# Old car, what do i need to cover up?



## JunglistJed (Oct 26, 2012)

I own an old 1986 BMW E30 and want to give the engine bay a detail but what needs to be covered? it obviously has little electrics but i don't want to damage anything!

and would a pressure washer be too much? would a mist house attachment be better?

cheers


----------



## trd-gt (May 24, 2009)

Maybe use a waterbased cleaner and you can just mist and wipe off. E30's are bad enough for rust without hosing dirty water into places you can't dry out


----------



## Titanium Htail (Mar 24, 2012)

That misting is a great strategy just proceed with care, plenty of apc you can always have a second go later which will improve the overall look. 

John Tht.


----------



## mattsbmw (Jul 20, 2008)

dont use the pressure washer, just spray on some cleaner, brush in a gently rinse. If i remember rightly there is a fusebox over on the passenger side.

Matt


----------



## steveo3002 (Jan 30, 2006)

i jet wash my 80s vw's all the time 

cover up the ecu and dizzy you should be fine , dont point the jet directly into any elec bits

you can go around with airline or wd40 and blast the connectors afterwards if you want...only thing ive ever had is water in the dizzy cap and thats because i dont bother covering anything


----------



## JunglistJed (Oct 26, 2012)

Unfortunately didn't get the time i wanted and i wanted to test my hex logic pads out so i had a quick go.. first went over with some degreaser then went on with the apc and agitated it.. still have a lot of work to do but i think i can get it looking great again!


----------



## steveo3002 (Jan 30, 2006)

coming along nice...you might end up having to take some bits off to clean then better etc
maybe a respray on that aircleaner


----------



## JunglistJed (Oct 26, 2012)

Yeah the area behind the aircleaner was a struggle to clean, so tomorrow im gonna attempt to get in there.. and as for the aircleaner im looking for a nice replacement!
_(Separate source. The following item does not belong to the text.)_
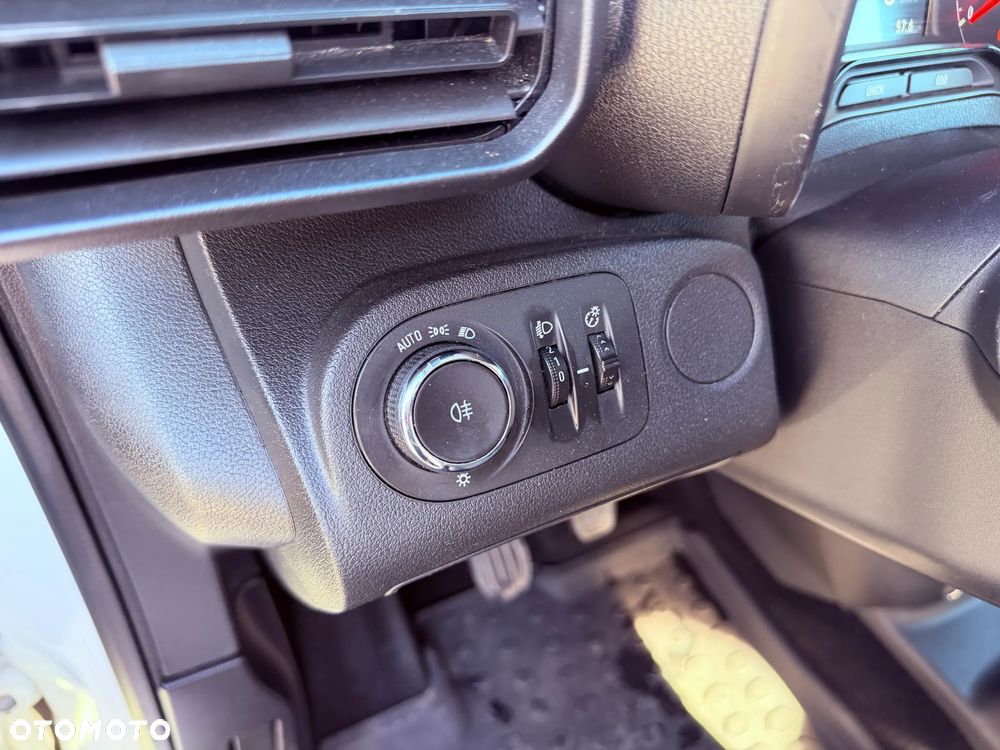 Opel Combo 1.5 CDTI Edition Plus S&S - 9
The hood itself also needs a clean but the foam is so gone is crumbles as soon as you touch it.. going all over my clean engine bay -.-


----------



## Titanium Htail (Mar 24, 2012)

That does look better always a work in progress, love those rims.

John Tht.


----------



## JunglistJed (Oct 26, 2012)

It definitely does mate, wasn't too bothered about the engine bay before hand but now i want it looking immaculate!


----------